I wouldn't underestimate the part where he makes the middle class aware of what the hell is going on. But that's just me.
I've been busy applying slices of ham to the screen to cover Craig's last few posts on this subject. He's entitled to his opinion, etc., ça va sans dire, but sometimes I'm just too sensitive. So before I start shouting "la-la-la-laaa I can't hear youuu" with hands firmly applied to my ears I just wanted to copypaste the following paragraph from Hard Times.
It was a town of red brick, or of brick that would have been red if the smoke and ashes had allowed it; but, as matters stood it was a town of unnatural red and black like the painted face of a savage.

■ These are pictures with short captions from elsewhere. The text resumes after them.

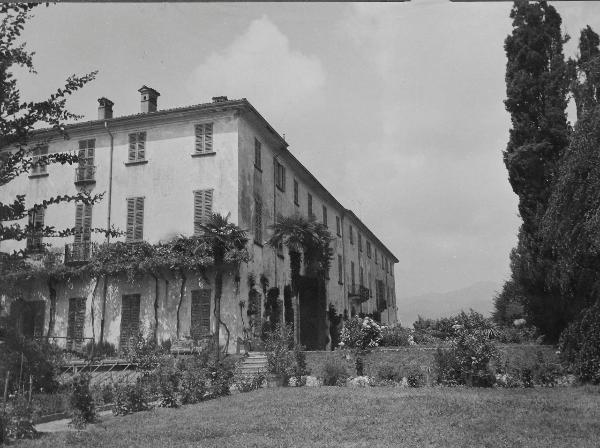 Alzate Brianza, Verzago - Pio Istituto dei Sordi, Villa Santa Maria - Palazzo - Giardino - Cipresso del Foscolo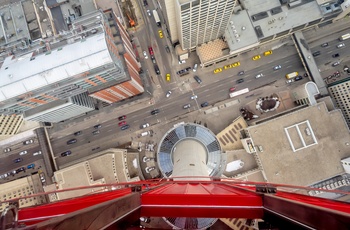 Udsigten ned fra Calgary Tower, Canada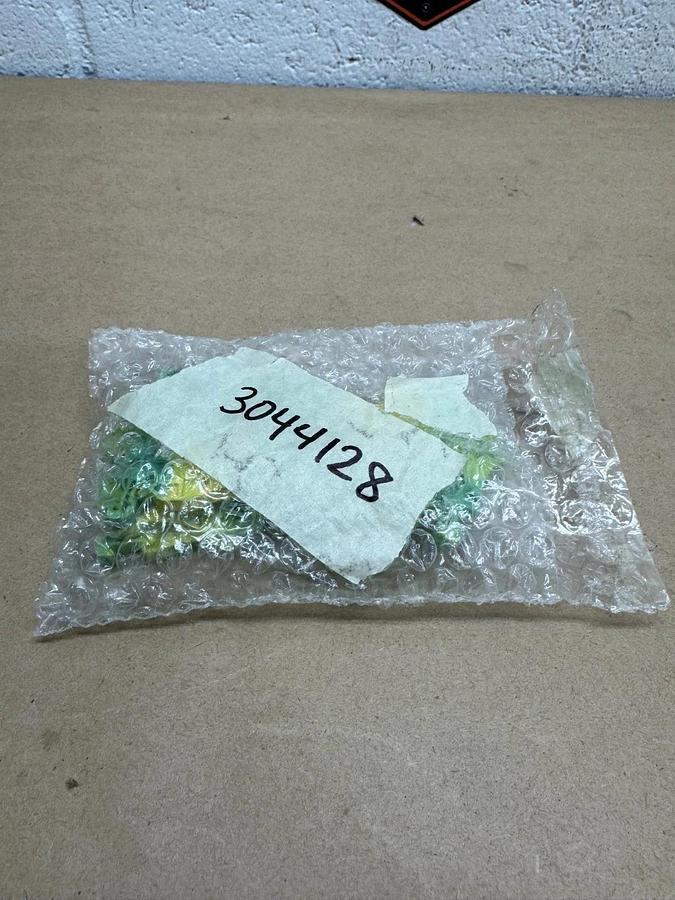 Used Phoenix Contact Typ UT 4-PE Terminal Block (QTY 6) Green and Yellow *NEW*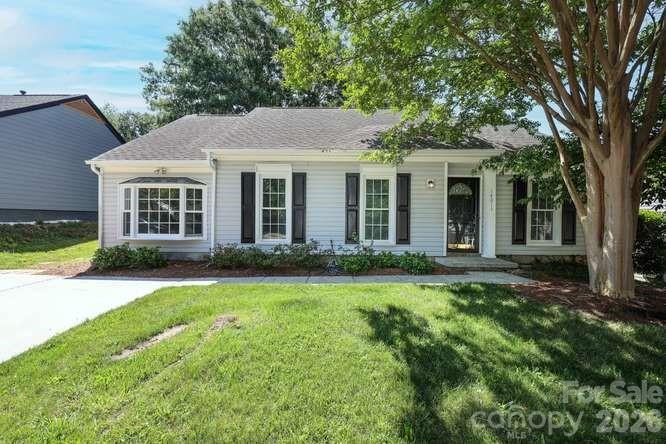 モナリホーム 28134 Homes for Sale - Pineville, NC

It was a town of machinery and tall chimneys, out of which interminable serpents of smoke trailed themselves for ever and ever, and never got uncoiled. It had a black canal in it, and a river that ran purple with ill-smelling dye, and vast piles of buildings full of windows where there was a rattling and a trembling all day long, and where the piston of the steam-engine worked monotonously up and down, like the head of an elephant in a state of melancholy madness. It contained several large streets all very like one another, and many small streets still more like one another, inhabited by people equally like one another, who all went in and out at the same hours, with the same sound upon the same pavements, to do the same work, and to whom every day was the same as yesterday and tomorrow, and every year the counterpart of the last and the next.
Too fucking right, Charles. Too fucking right.